Пушкин отверг концепцию Мицкевича, но противопоставил ей он не свод теоретических возражений, а цельное поэтическое произведение. Глубокое государственное мышление зрелого Пушкина отмечали многие современники; сам Мицкевич писал об этом: "слушая его рассуждения об иностранной или внутренней политике его страны, можно было принять его за человека, поседевшего в трудах на общественном поприще и ежедневно читающего отчеты всех парламентов". Но в ту плодотворную эпоху даже теоретические разногласия порождали произведения искусства; на этот раз, впрочем, они вызвали к жизни не просто поэтическое творение, но высшее, вершинное достижение русской поэзии и русской культуры в целом.

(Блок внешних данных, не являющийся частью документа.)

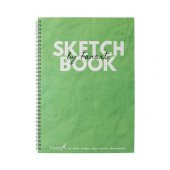 Fanart Academy Sketch Book 120 GR Spiralli 50 YP A4 Yeşil 8673 - 1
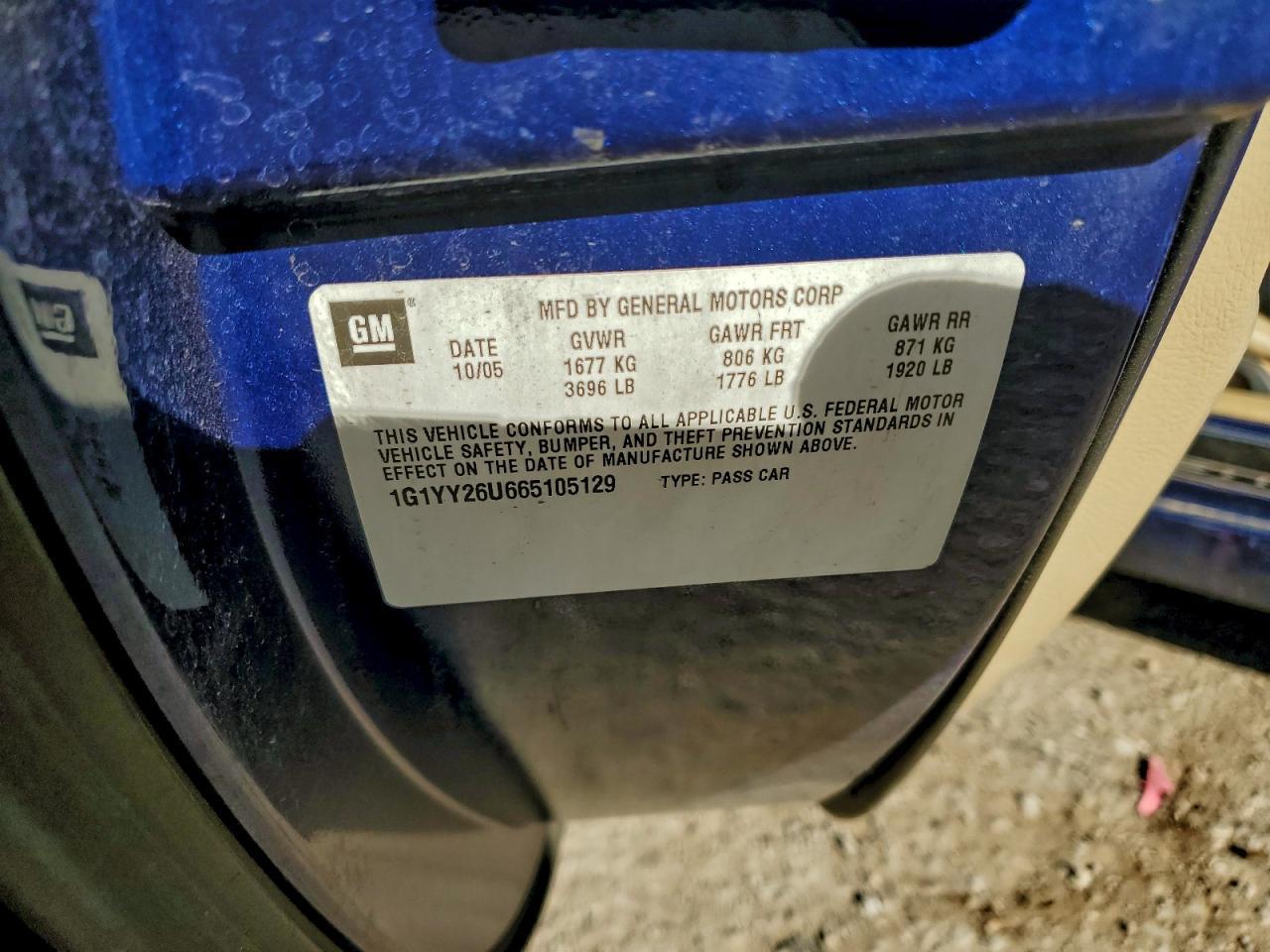 2006 CHEVROLET CORVETTE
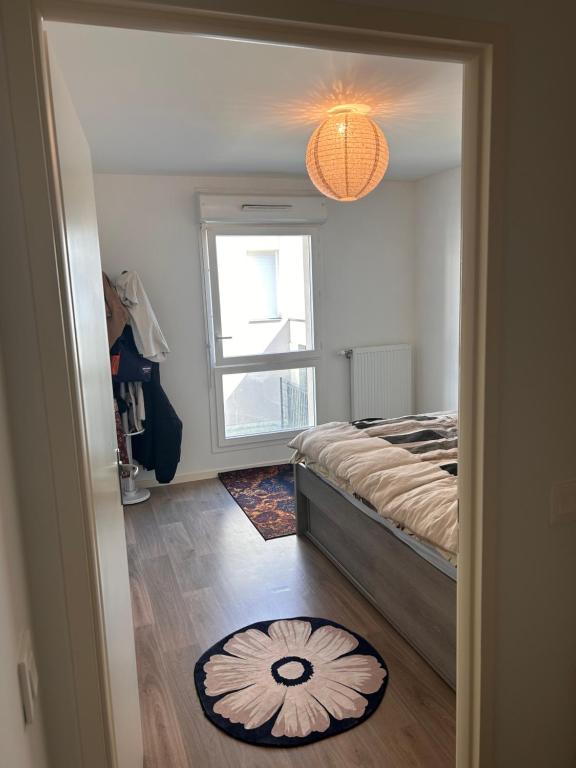 Llit o llits en una habitació de Apartment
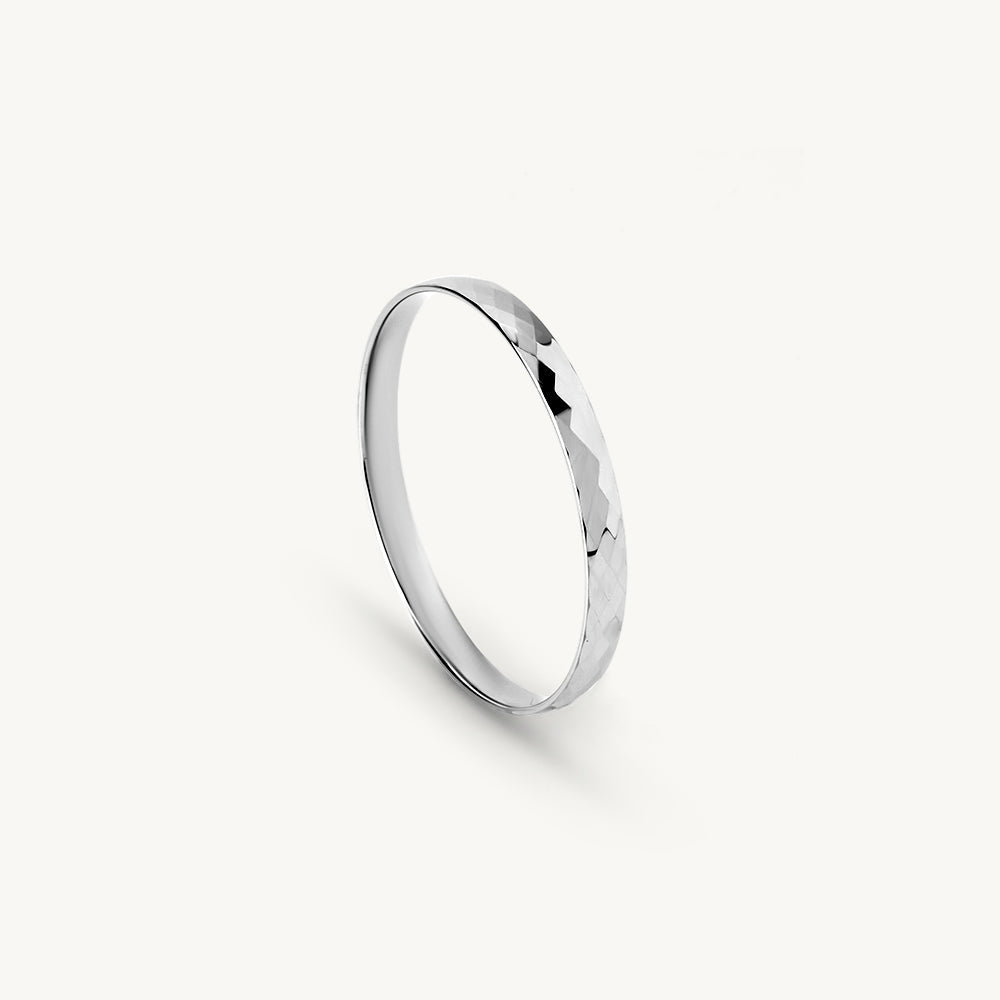 Classic Textured Tungsten Bracelet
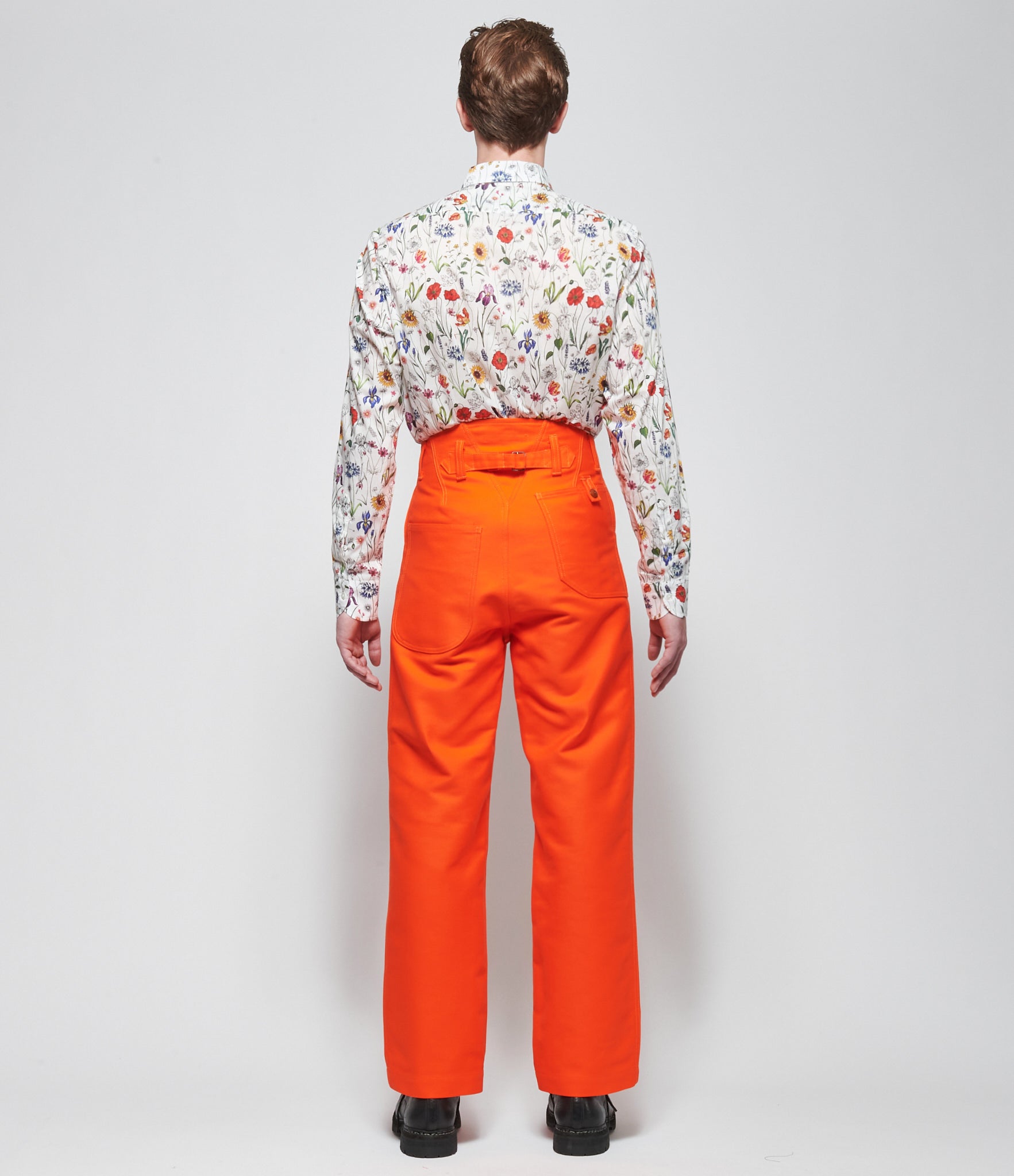 SS26 Junya Watanabe Mens Bright Orange Pants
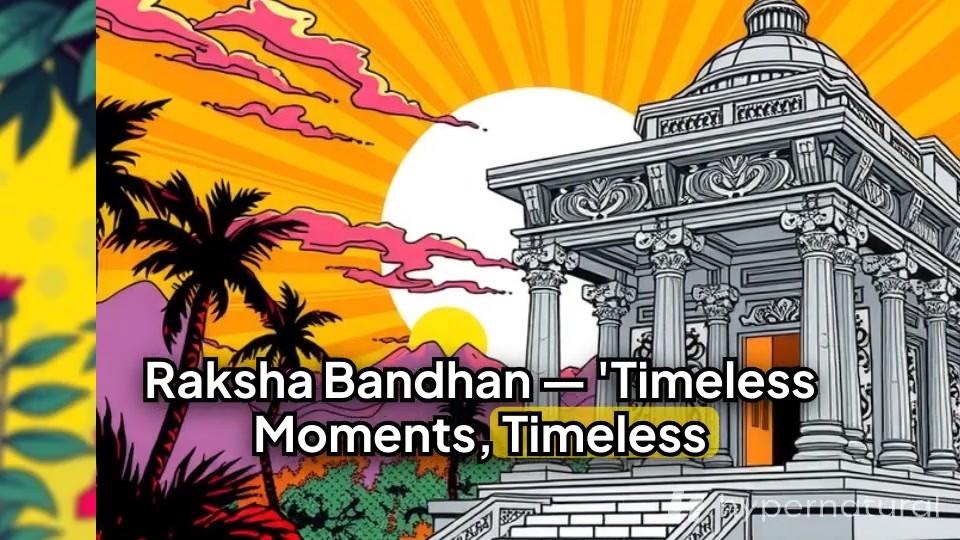 Sibling Bonds: A Raksha Bandhan Celebration in Marble Elegance
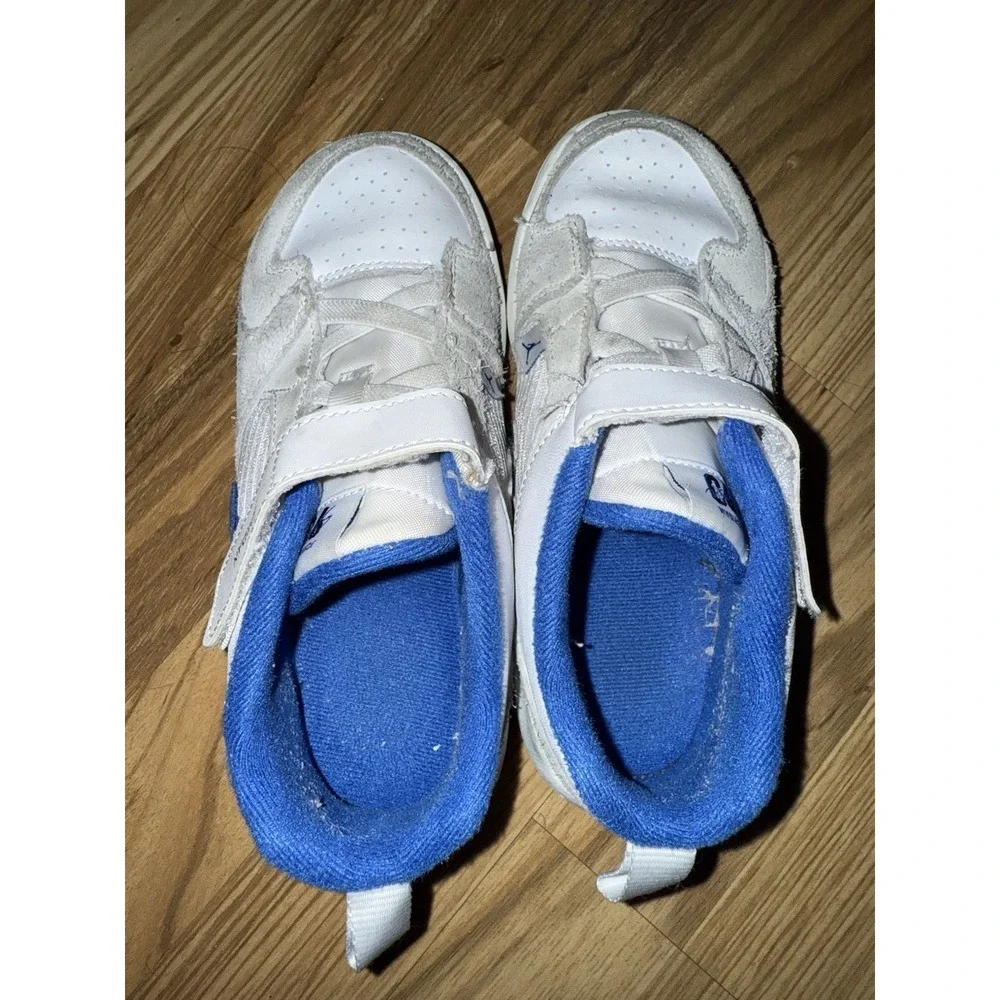 Nike Jordan Stadium 90 TD Boys‎ 1Y White Game Royal Casual Shoe DX4396-104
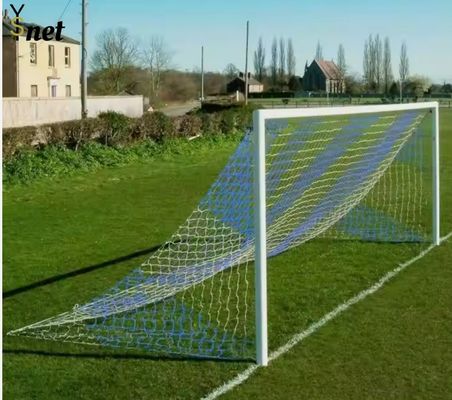 PET Football Soccer Goal White Goal Post Net 24x8FT For Football Matches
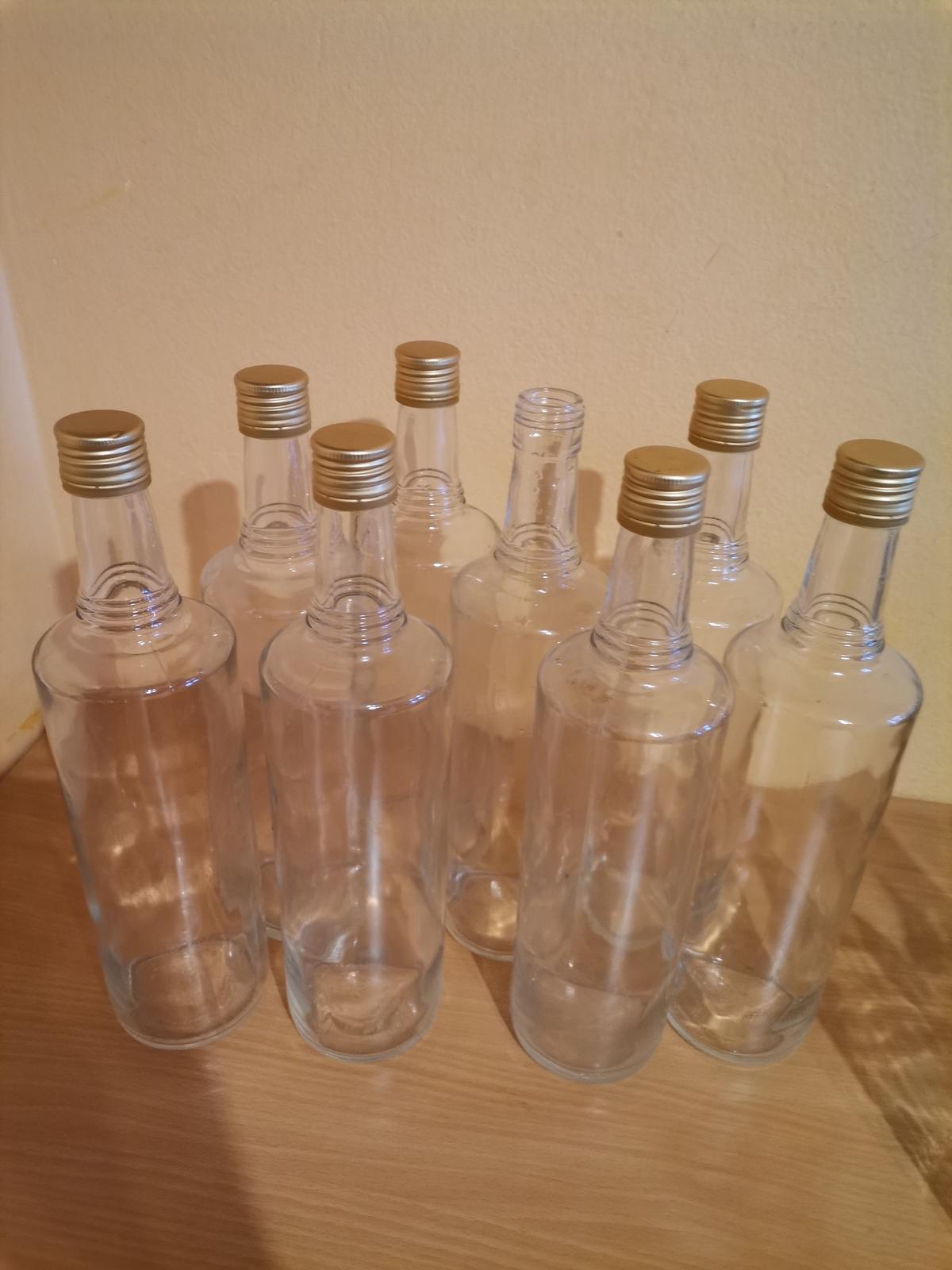 Rôzne fľašky na sirup  - predaj iba spolu - Obrázok č. 1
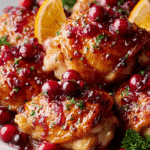 Poulet laqué aux Canneberges et à l’Orange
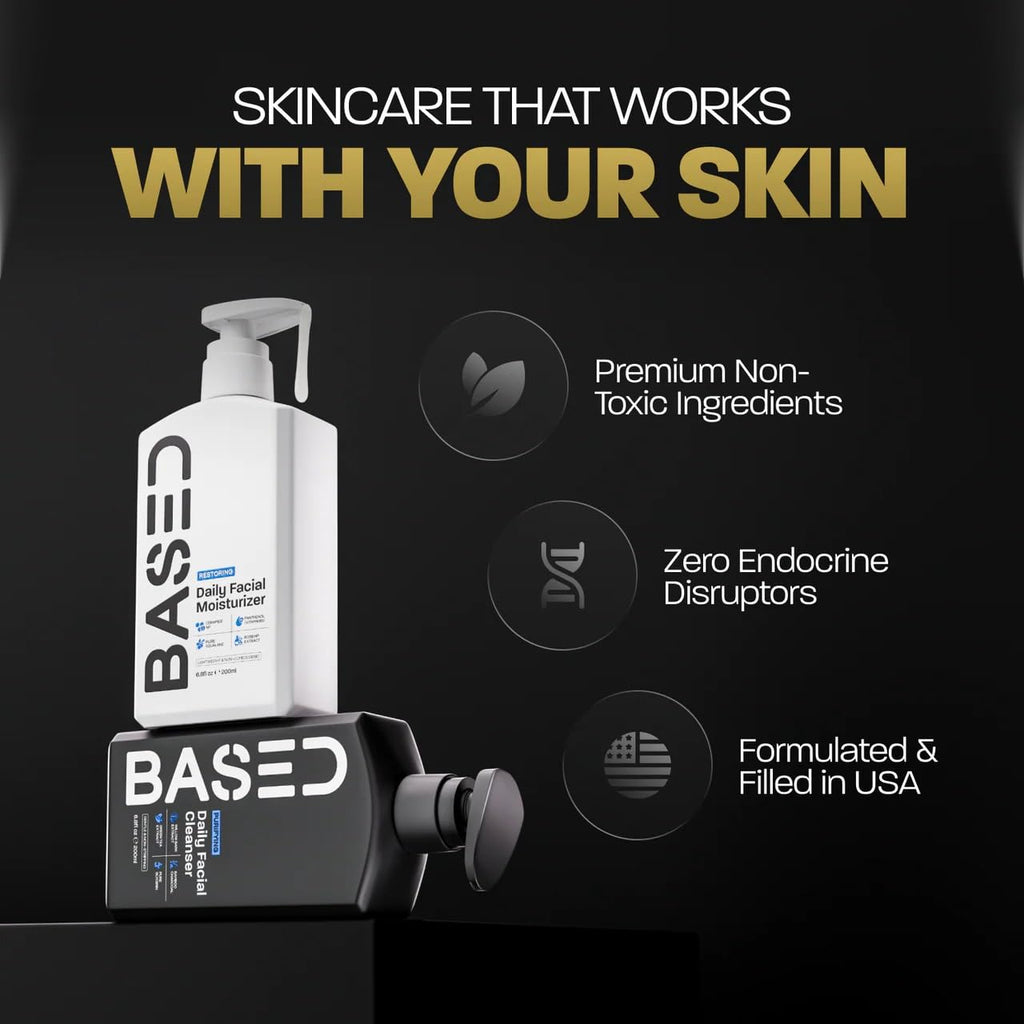 Based Bodyworks Daily Skincare Duo pump dispenser close up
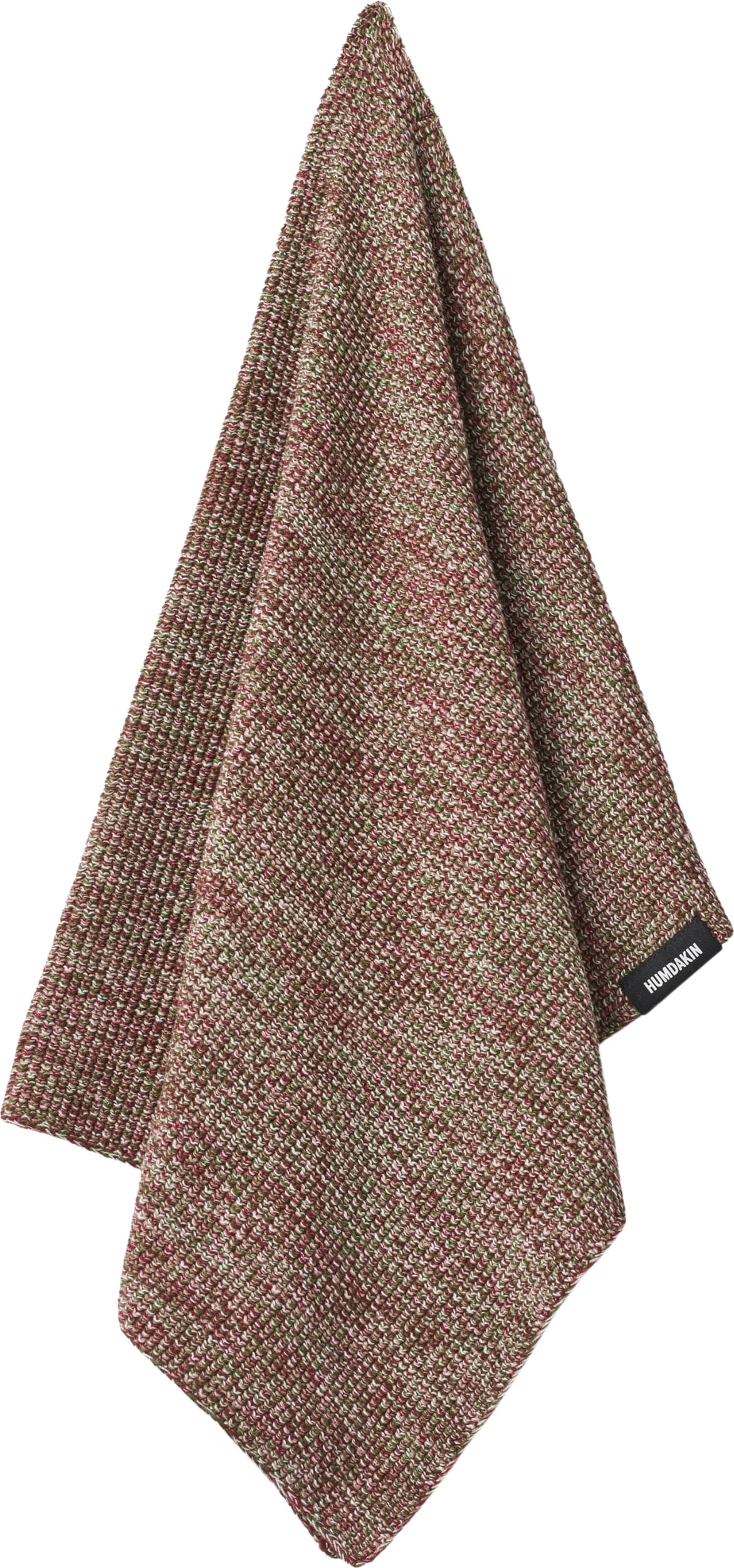 Humdakin Knitted Küchentuch 45 x 70 cm rot-grün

"Медный Всадник", писавшийся Пушкиным в Болдине с большим напряжением сил, стал самым значительным и самым совершенным его произведением. Творчество Пушкина по праву занимает центральное, основополагающее место в русской культуре; но права эти дает ему создание не всеобъемлющего "Евгения Онегина" или грациозного "Домика в Коломне", а прежде всего поэмы "Медный Всадник". Никогда еще до этого русская поэзия не поднималась на такую высоту. Художественное совершенство "Медного Всадника" не имеет себе равных в русской культуре, да и в европейской совсем немного найдется образцов, выдерживающих сравнение с этой поздней пушкинской поэмой. "Медный Всадник" это итоговое произведение Пушкина, обобщающее его размышления об исторической судьбе России; но в тексте поэмы нет никаких рассуждений и утверждений, там нет ничего отвлеченного, рационального - только образность, простая и прозрачная, но при этом настолько смелая, глубокая и символическая, что от нее временами захватывает дух. Рядом с этой образностью даже "Бородинская годовщина" уже кажется рифмованной публицистикой.